#### Exercise brief:
Return the records below word for word.

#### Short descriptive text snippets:
--- --- ---

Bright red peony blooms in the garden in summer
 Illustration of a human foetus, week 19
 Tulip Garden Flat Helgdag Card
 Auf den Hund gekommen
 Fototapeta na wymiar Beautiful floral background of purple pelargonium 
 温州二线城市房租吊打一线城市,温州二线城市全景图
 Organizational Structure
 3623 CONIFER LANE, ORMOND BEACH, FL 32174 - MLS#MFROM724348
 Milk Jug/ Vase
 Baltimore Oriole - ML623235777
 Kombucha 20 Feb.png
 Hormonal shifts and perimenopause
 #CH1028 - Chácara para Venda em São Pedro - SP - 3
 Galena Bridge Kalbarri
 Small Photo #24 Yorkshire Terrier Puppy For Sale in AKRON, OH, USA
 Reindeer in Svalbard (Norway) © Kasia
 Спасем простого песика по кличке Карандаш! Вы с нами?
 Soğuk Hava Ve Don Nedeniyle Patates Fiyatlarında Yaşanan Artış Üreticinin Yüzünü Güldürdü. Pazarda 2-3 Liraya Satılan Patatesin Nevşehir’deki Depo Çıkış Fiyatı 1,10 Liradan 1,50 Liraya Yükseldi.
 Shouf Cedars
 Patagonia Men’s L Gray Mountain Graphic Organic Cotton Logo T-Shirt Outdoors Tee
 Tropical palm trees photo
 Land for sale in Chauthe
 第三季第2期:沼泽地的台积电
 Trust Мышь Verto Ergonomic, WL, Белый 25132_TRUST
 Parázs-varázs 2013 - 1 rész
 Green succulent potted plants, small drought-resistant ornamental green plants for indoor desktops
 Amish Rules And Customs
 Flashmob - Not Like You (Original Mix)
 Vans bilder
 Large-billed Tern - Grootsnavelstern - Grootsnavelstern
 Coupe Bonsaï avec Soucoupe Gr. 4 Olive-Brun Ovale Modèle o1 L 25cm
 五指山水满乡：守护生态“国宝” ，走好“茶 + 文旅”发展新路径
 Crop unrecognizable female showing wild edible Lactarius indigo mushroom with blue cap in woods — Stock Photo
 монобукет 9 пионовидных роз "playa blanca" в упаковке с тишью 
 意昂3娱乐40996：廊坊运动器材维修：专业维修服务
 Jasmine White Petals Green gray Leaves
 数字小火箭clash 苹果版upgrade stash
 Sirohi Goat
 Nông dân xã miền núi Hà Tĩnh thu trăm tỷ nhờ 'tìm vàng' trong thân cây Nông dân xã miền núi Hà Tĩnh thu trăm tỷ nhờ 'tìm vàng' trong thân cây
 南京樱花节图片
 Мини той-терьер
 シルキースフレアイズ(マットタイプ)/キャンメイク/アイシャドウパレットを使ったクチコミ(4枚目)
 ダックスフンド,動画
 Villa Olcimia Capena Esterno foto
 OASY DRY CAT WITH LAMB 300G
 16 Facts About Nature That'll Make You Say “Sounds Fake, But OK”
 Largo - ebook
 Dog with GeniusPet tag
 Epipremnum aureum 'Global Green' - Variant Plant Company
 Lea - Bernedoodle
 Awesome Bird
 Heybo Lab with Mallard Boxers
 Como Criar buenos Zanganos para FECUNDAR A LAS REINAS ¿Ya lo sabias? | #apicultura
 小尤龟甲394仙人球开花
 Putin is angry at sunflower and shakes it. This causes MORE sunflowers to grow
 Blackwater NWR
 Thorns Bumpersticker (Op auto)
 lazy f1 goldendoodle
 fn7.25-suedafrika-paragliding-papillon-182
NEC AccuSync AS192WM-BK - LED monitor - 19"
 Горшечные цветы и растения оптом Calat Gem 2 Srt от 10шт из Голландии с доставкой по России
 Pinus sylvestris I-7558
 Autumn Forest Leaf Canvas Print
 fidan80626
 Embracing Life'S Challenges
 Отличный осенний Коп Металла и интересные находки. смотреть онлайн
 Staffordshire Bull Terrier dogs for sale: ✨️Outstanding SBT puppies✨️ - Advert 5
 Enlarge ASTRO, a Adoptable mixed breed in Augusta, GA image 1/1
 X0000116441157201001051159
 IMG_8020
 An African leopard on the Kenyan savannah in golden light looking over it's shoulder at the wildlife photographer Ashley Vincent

--- --- ---

#### Expected answer:
Bright red peony blooms in the garden in summer
 Illustration of a human foetus, week 19
 Tulip Garden Flat Helgdag Card
 Auf den Hund gekommen
 Fototapeta na wymiar Beautiful floral background of purple pelargonium 
 温州二线城市房租吊打一线城市,温州二线城市全景图
 Organizational Structure
 3623 CONIFER LANE, ORMOND BEACH, FL 32174 - MLS#MFROM724348
 Milk Jug/ Vase
 Baltimore Oriole - ML623235777
 Kombucha 20 Feb.png
 Hormonal shifts and perimenopause
 #CH1028 - Chácara para Venda em São Pedro - SP - 3
 Galena Bridge Kalbarri
 Small Photo #24 Yorkshire Terrier Puppy For Sale in AKRON, OH, USA
 Reindeer in Svalbard (Norway) © Kasia
 Спасем простого песика по кличке Карандаш! Вы с нами?
 Soğuk Hava Ve Don Nedeniyle Patates Fiyatlarında Yaşanan Artış Üreticinin Yüzünü Güldürdü. Pazarda 2-3 Liraya Satılan Patatesin Nevşehir’deki Depo Çıkış Fiyatı 1,10 Liradan 1,50 Liraya Yükseldi.
 Shouf Cedars
 Patagonia Men’s L Gray Mountain Graphic Organic Cotton Logo T-Shirt Outdoors Tee
 Tropical palm trees photo
 Land for sale in Chauthe
 第三季第2期:沼泽地的台积电
 Trust Мышь Verto Ergonomic, WL, Белый 25132_TRUST
 Parázs-varázs 2013 - 1 rész
 Green succulent potted plants, small drought-resistant ornamental green plants for indoor desktops
 Amish Rules And Customs
 Flashmob - Not Like You (Original Mix)
 Vans bilder
 Large-billed Tern - Grootsnavelstern - Grootsnavelstern
 Coupe Bonsaï avec Soucoupe Gr. 4 Olive-Brun Ovale Modèle o1 L 25cm
 五指山水满乡：守护生态“国宝” ，走好“茶 + 文旅”发展新路径
 Crop unrecognizable female showing wild edible Lactarius indigo mushroom with blue cap in woods — Stock Photo
 монобукет 9 пионовидных роз "playa blanca" в упаковке с тишью 
 意昂3娱乐40996：廊坊运动器材维修：专业维修服务
 Jasmine White Petals Green gray Leaves
 数字小火箭clash 苹果版upgrade stash
 Sirohi Goat
 Nông dân xã miền núi Hà Tĩnh thu trăm tỷ nhờ 'tìm vàng' trong thân cây Nông dân xã miền núi Hà Tĩnh thu trăm tỷ nhờ 'tìm vàng' trong thân cây
 南京樱花节图片
 Мини той-терьер
 シルキースフレアイズ(マットタイプ)/キャンメイク/アイシャドウパレットを使ったクチコミ(4枚目)
 ダックスフンド,動画
 Villa Olcimia Capena Esterno foto
 OASY DRY CAT WITH LAMB 300G
 16 Facts About Nature That'll Make You Say “Sounds Fake, But OK”
 Largo - ebook
 Dog with GeniusPet tag
 Epipremnum aureum 'Global Green' - Variant Plant Company
 Lea - Bernedoodle
 Awesome Bird
 Heybo Lab with Mallard Boxers
 Como Criar buenos Zanganos para FECUNDAR A LAS REINAS ¿Ya lo sabias? | #apicultura
 小尤龟甲394仙人球开花
 Putin is angry at sunflower and shakes it. This causes MORE sunflowers to grow
 Blackwater NWR
 Thorns Bumpersticker (Op auto)
 lazy f1 goldendoodle
 fn7.25-suedafrika-paragliding-papillon-182
NEC AccuSync AS192WM-BK - LED monitor - 19"
 Горшечные цветы и растения оптом Calat Gem 2 Srt от 10шт из Голландии с доставкой по России
 Pinus sylvestris I-7558
 Autumn Forest Leaf Canvas Print
 fidan80626
 Embracing Life'S Challenges
 Отличный осенний Коп Металла и интересные находки. смотреть онлайн
 Staffordshire Bull Terrier dogs for sale: ✨️Outstanding SBT puppies✨️ - Advert 5
 Enlarge ASTRO, a Adoptable mixed breed in Augusta, GA image 1/1
 X0000116441157201001051159
 IMG_8020
 An African leopard on the Kenyan savannah in golden light looking over it's shoulder at the wildlife photographer Ashley Vincent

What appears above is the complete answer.